- _TASK DESCRIPTION_: The answer must be only the lines below from the one holding "DC Súper Hero Girls Switch" down to the one holding "Haibike Trekking 4", ends included, printed exactly; please omit all pictures.

(Stored items)
- - - - - - -
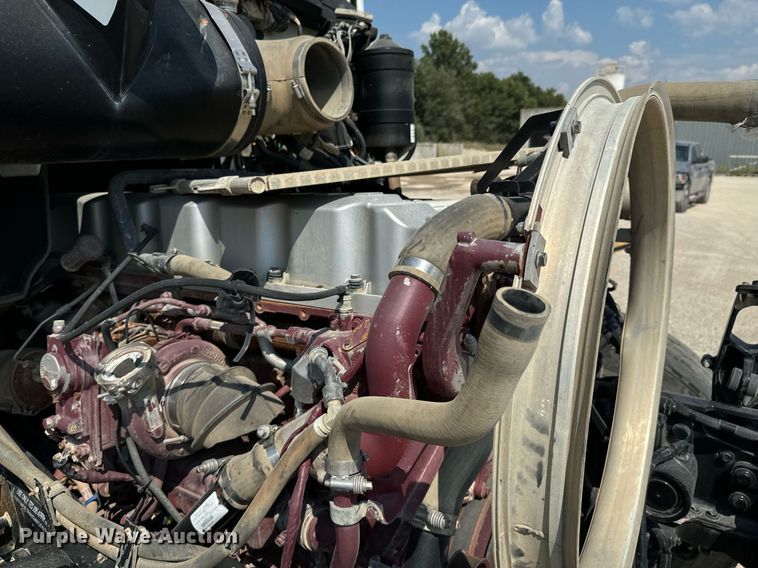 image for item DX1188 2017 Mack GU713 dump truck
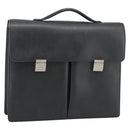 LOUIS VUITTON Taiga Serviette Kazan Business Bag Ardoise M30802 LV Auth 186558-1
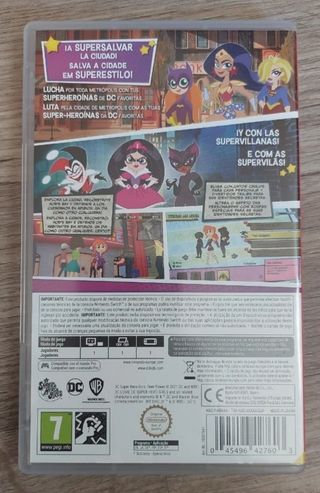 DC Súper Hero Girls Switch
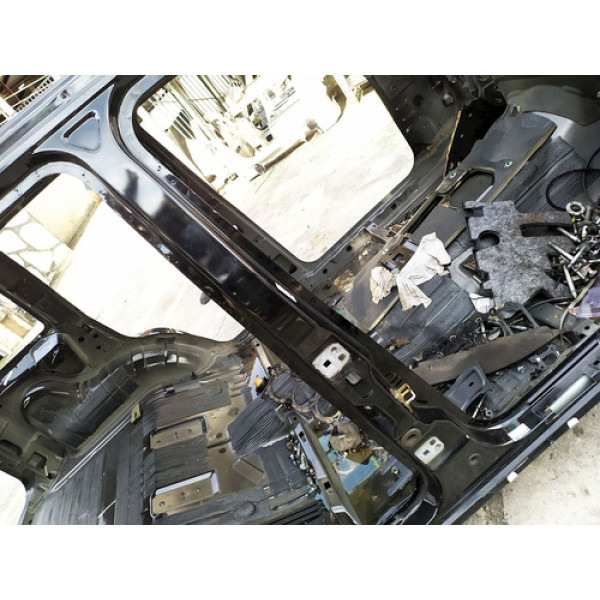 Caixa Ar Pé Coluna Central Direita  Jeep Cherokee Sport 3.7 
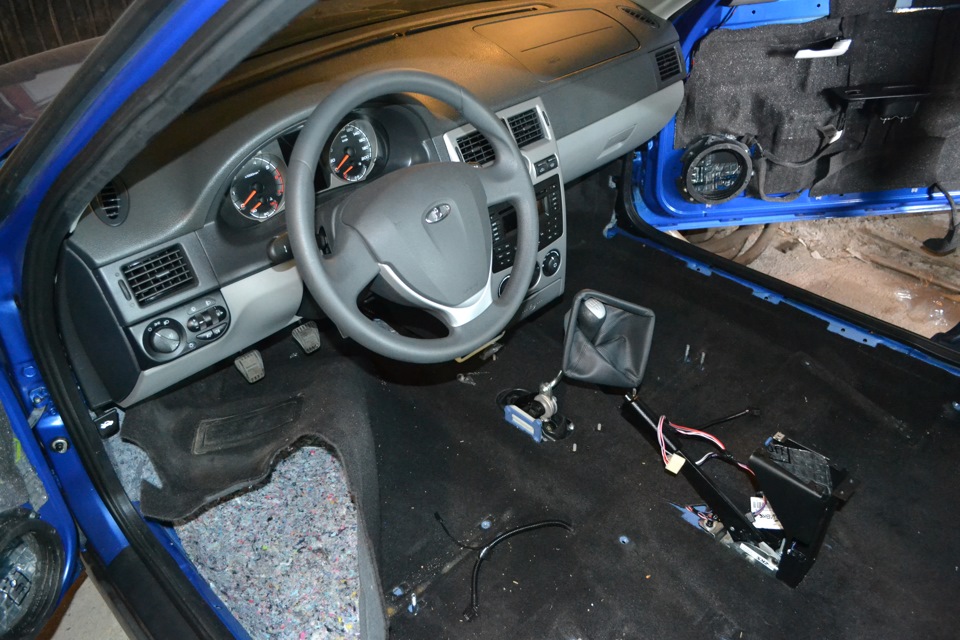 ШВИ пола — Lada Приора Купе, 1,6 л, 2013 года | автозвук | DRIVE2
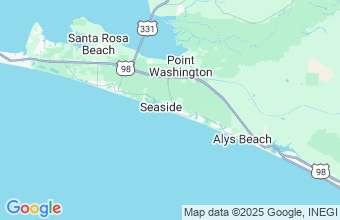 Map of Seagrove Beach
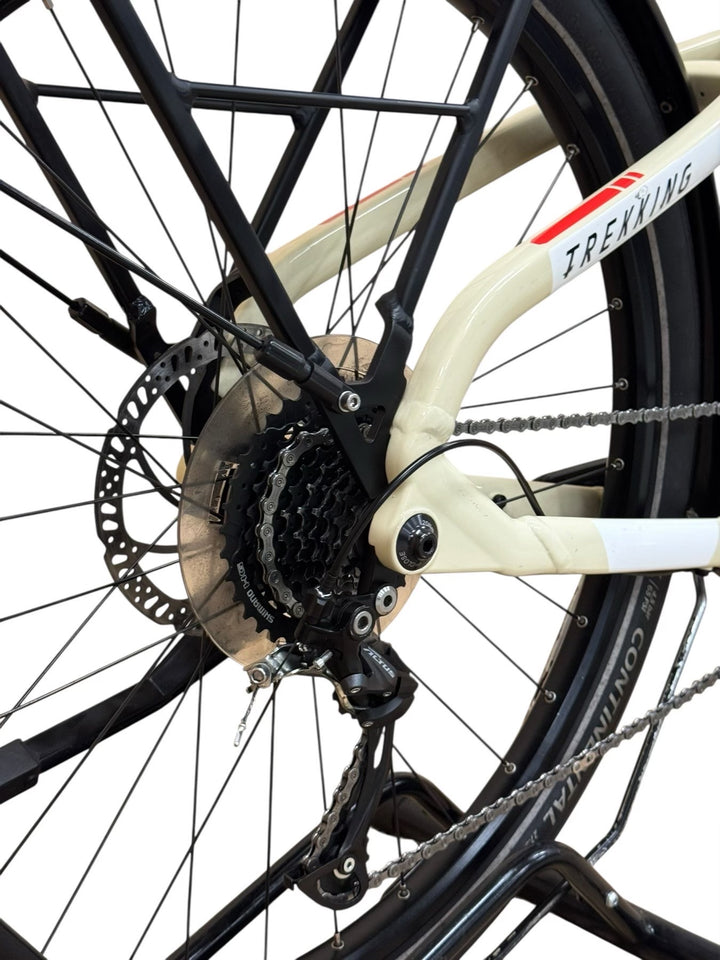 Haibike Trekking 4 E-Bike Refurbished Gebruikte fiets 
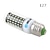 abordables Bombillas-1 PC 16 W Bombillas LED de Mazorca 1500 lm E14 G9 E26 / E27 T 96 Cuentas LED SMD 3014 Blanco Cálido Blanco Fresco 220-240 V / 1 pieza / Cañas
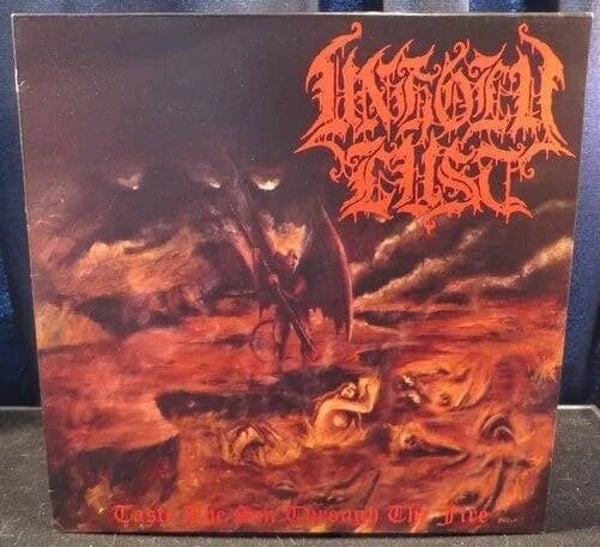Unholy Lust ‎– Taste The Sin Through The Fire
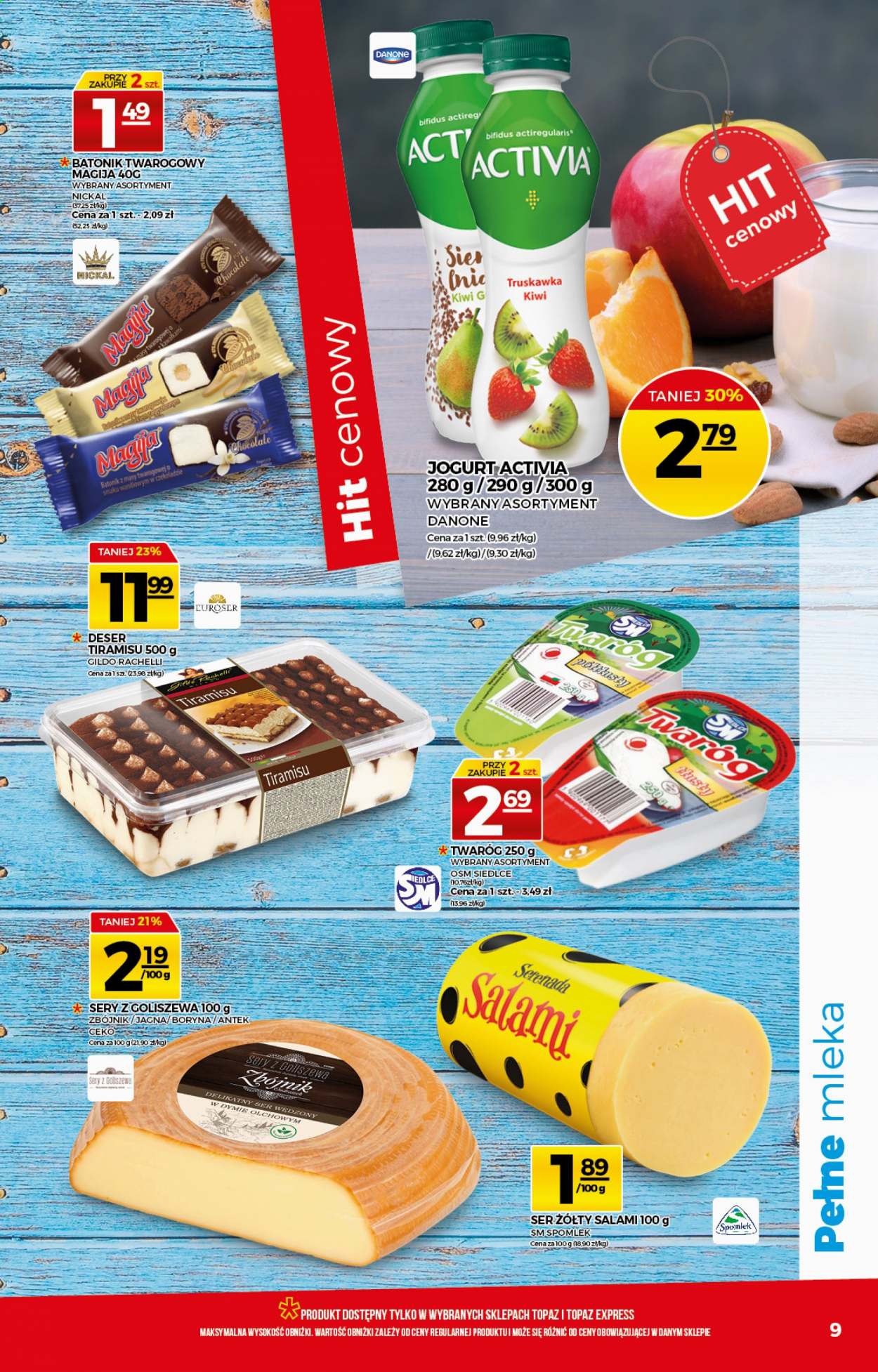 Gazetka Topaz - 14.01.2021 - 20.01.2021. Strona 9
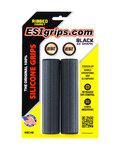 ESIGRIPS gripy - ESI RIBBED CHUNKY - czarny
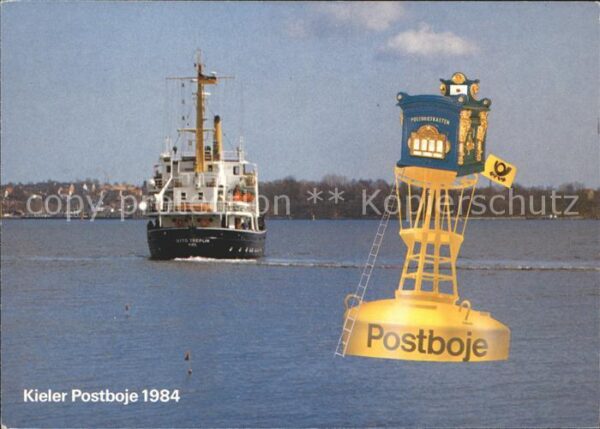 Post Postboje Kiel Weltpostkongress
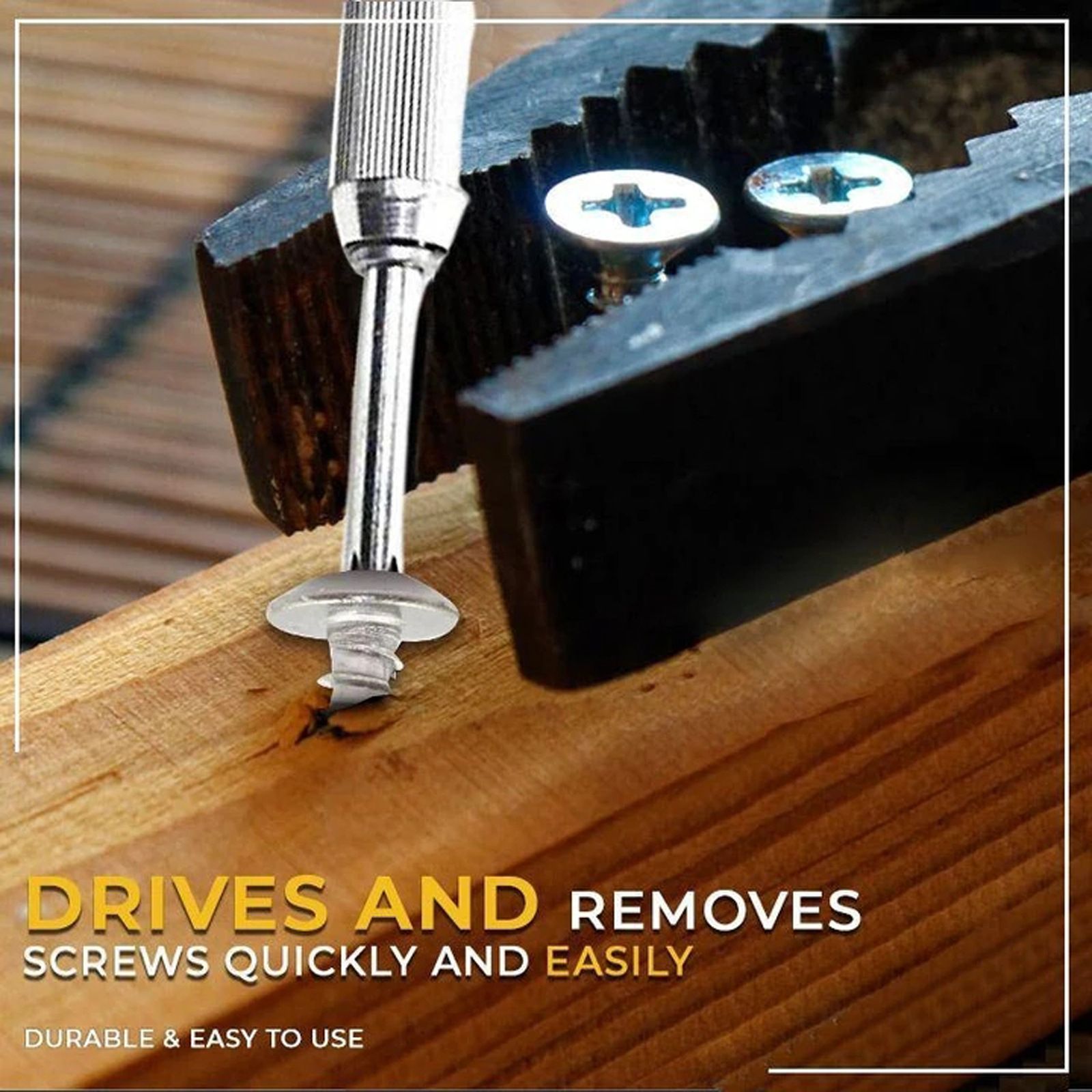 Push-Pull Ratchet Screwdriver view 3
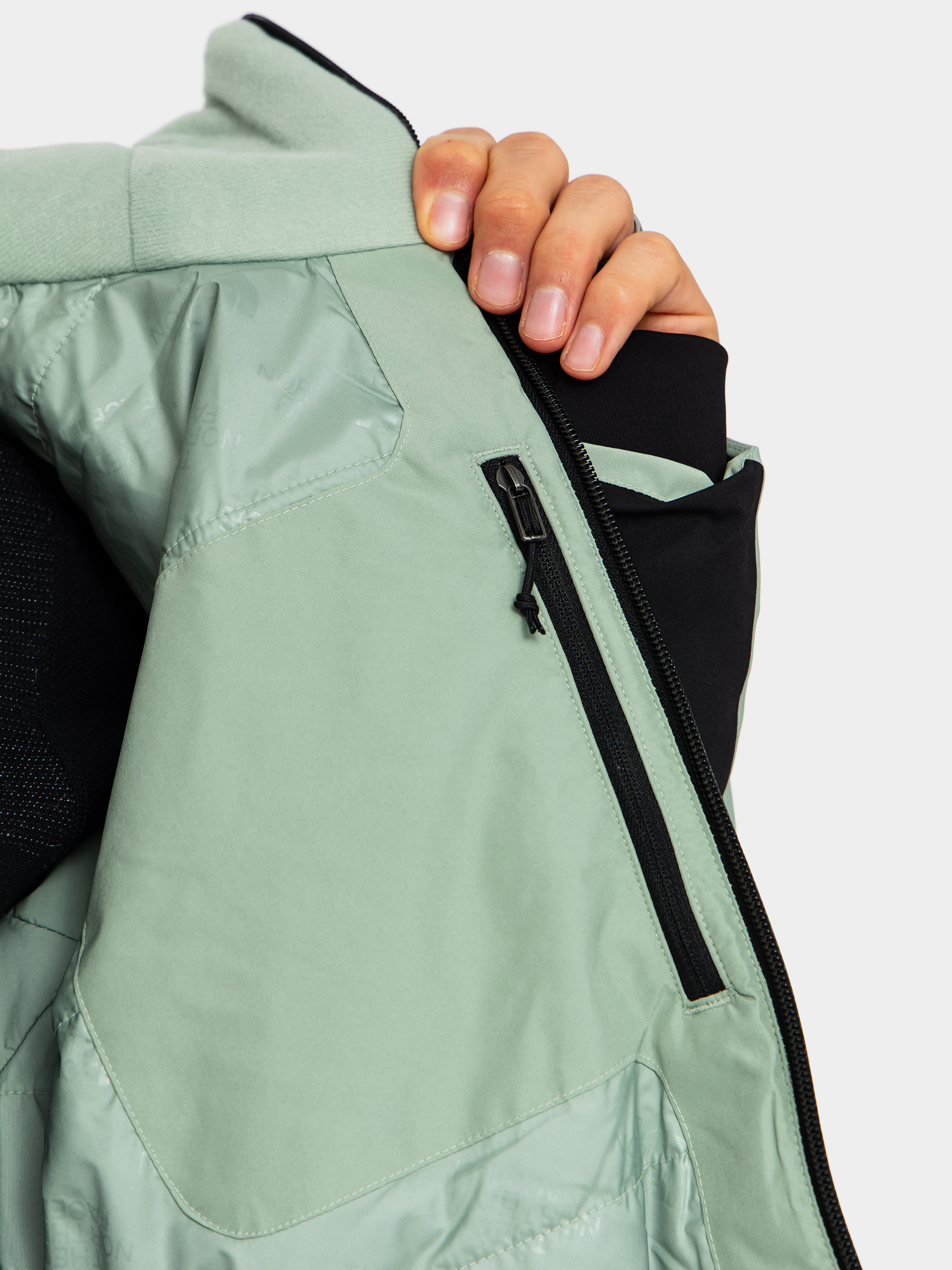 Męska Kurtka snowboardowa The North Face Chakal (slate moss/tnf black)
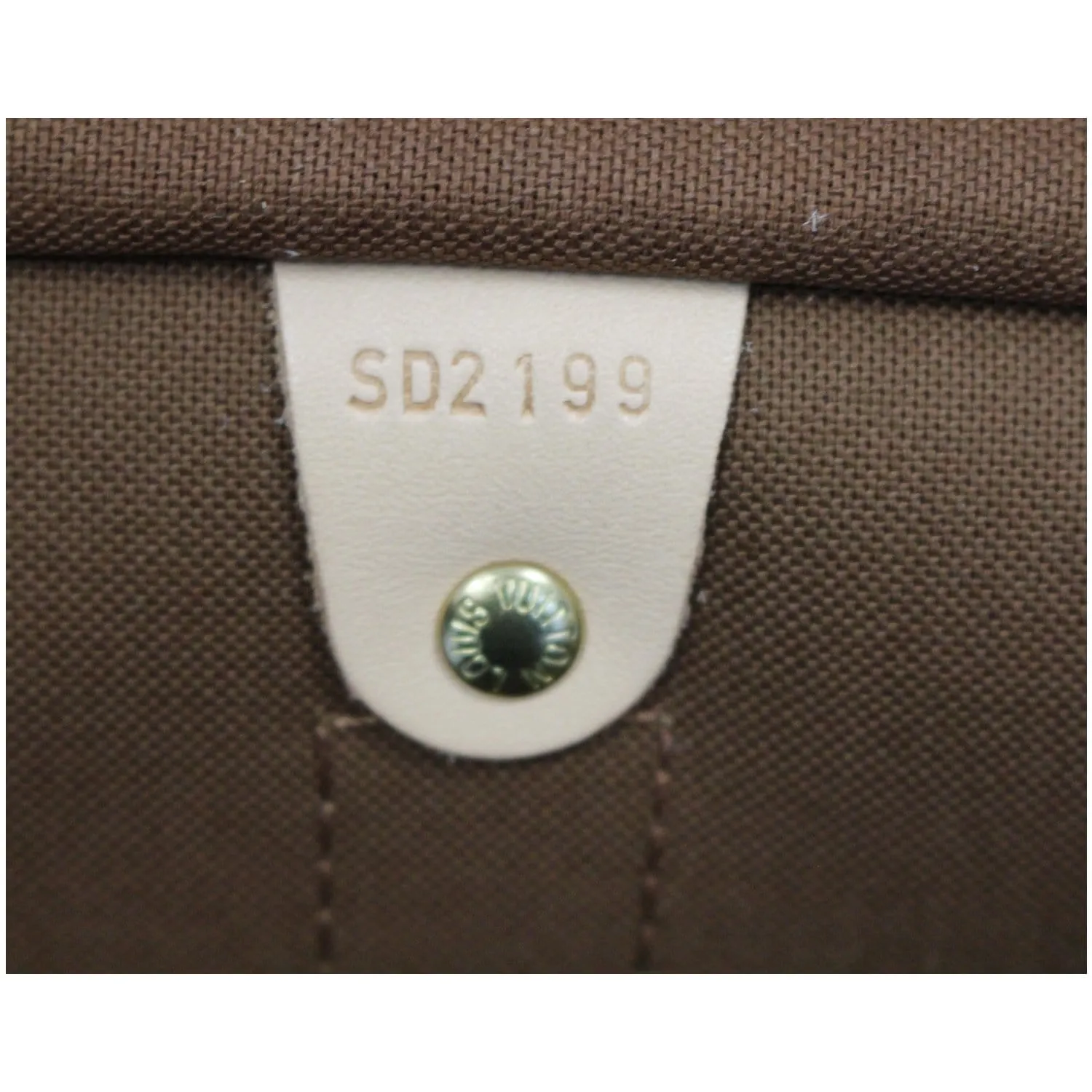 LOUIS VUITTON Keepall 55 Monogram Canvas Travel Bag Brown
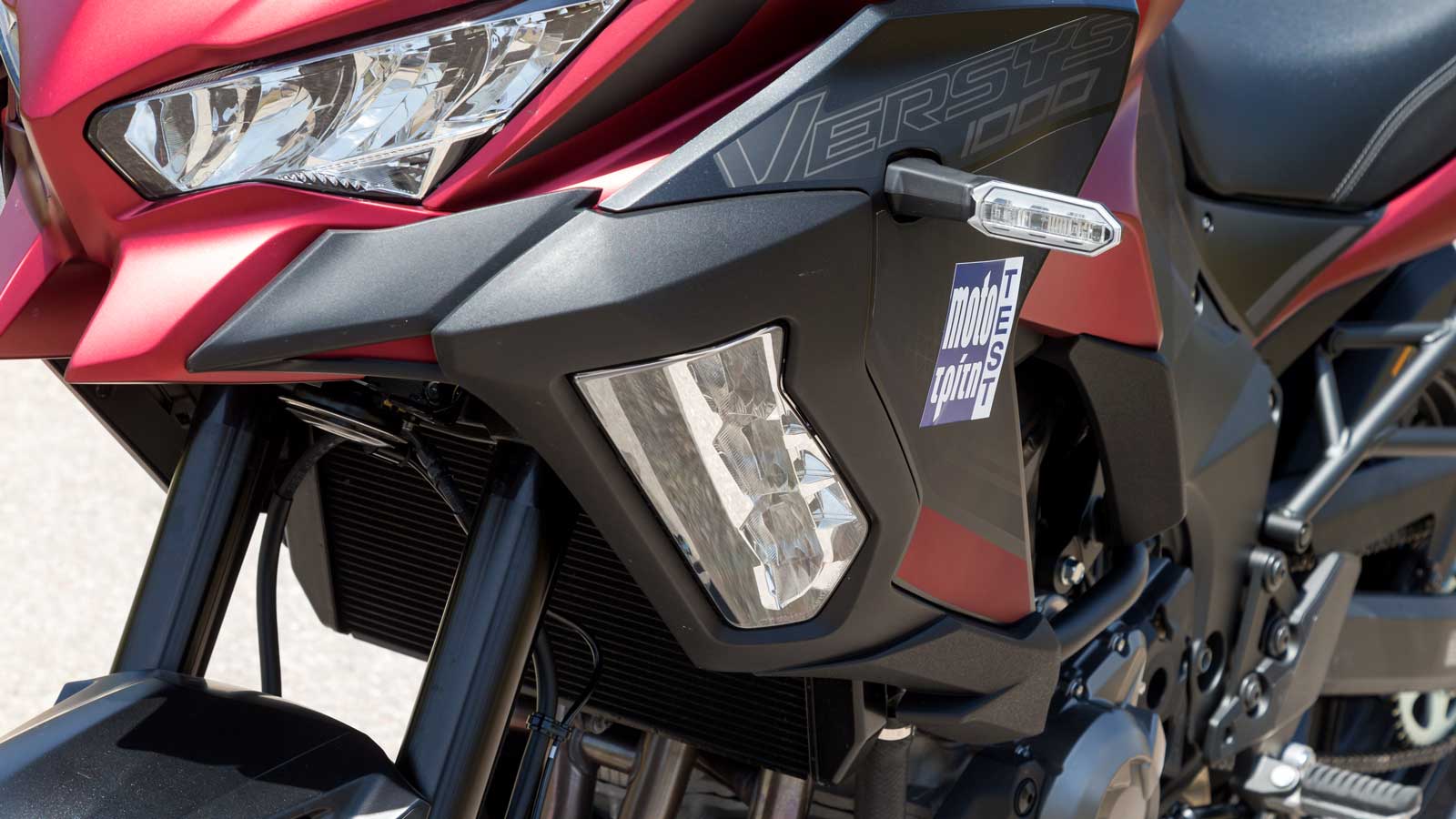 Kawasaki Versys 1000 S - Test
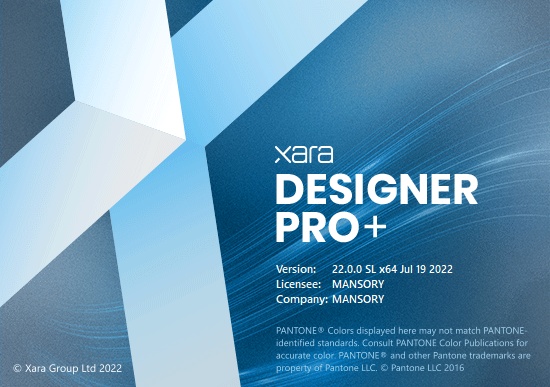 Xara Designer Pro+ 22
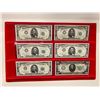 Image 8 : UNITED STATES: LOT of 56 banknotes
- - - - - - -
- _ANSWER SPACE_:
 DC Súper Hero Girls Switch
 Caixa Ar Pé Coluna Central Direita  Jeep Cherokee Sport 3.7 
 ШВИ пола — Lada Приора Купе, 1,6 л, 2013 года | автозвук | DRIVE2
 Map of Seagrove Beach
 Haibike Trekking 4 E-Bike Refurbished Gebruikte fiets 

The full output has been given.